--- PROVIDED INFORMATION Enclosed Below ---

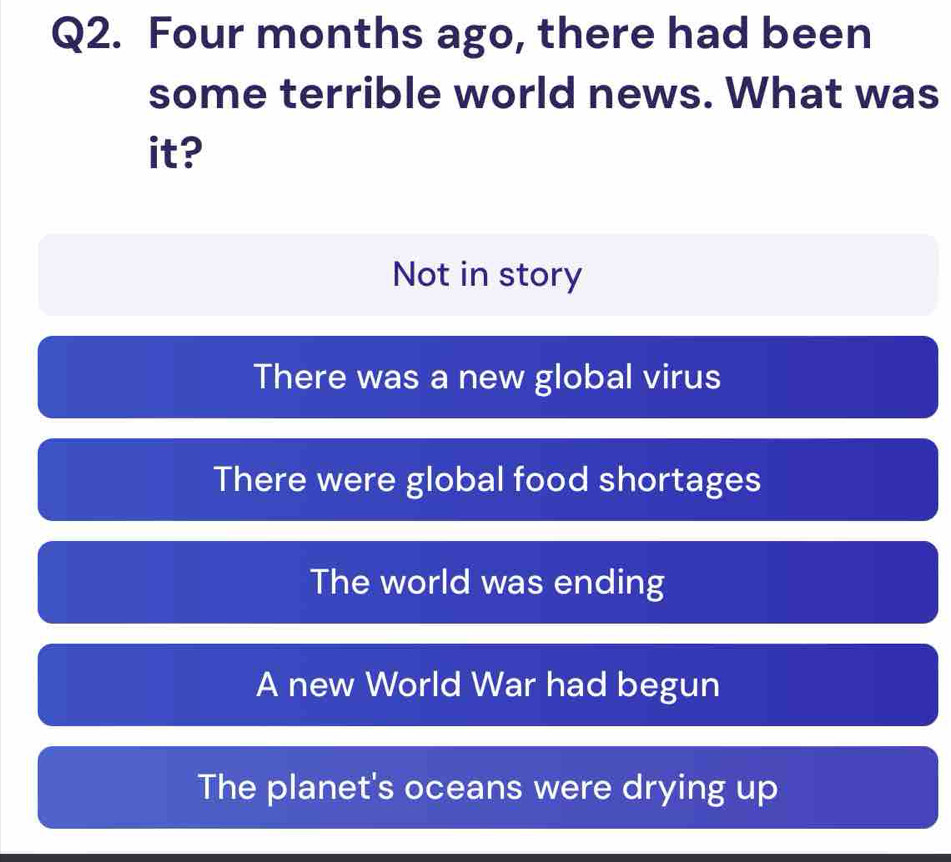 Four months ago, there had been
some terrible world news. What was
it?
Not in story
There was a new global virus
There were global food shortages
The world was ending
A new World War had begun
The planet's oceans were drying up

--- End of Enclosed PROVIDED INFORMATION ---

▶ _WORK INSTRUCTION_
Every entry above is to be transcribed exactly, with all pictures left out.

▶ _REPLY_
 Four months ago, there had been
some terrible world news. What was
it?
Not in story
There was a new global virus
There were global food shortages
The world was ending
A new World War had begun
The planet's oceans were drying up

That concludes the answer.